| Excerpted records |
----

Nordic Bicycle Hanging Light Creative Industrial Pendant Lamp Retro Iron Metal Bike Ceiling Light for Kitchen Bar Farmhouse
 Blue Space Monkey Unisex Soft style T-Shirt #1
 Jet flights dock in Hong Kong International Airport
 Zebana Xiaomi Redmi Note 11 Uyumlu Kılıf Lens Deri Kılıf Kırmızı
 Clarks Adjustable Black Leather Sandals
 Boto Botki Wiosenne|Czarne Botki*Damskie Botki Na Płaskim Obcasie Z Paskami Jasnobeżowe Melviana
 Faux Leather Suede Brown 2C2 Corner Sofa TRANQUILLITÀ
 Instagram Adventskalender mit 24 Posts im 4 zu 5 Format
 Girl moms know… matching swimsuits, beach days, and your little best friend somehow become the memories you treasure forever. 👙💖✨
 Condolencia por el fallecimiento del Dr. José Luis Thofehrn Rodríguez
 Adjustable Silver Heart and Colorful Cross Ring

----

The whole block of data above should be printed again verbatim.

| Reply to the task |
Nordic Bicycle Hanging Light Creative Industrial Pendant Lamp Retro Iron Metal Bike Ceiling Light for Kitchen Bar Farmhouse
 Blue Space Monkey Unisex Soft style T-Shirt #1
 Jet flights dock in Hong Kong International Airport
 Zebana Xiaomi Redmi Note 11 Uyumlu Kılıf Lens Deri Kılıf Kırmızı
 Clarks Adjustable Black Leather Sandals
 Boto Botki Wiosenne|Czarne Botki*Damskie Botki Na Płaskim Obcasie Z Paskami Jasnobeżowe Melviana
 Faux Leather Suede Brown 2C2 Corner Sofa TRANQUILLITÀ
 Instagram Adventskalender mit 24 Posts im 4 zu 5 Format
 Girl moms know… matching swimsuits, beach days, and your little best friend somehow become the memories you treasure forever. 👙💖✨
 Condolencia por el fallecimiento del Dr. José Luis Thofehrn Rodríguez
 Adjustable Silver Heart and Colorful Cross Ring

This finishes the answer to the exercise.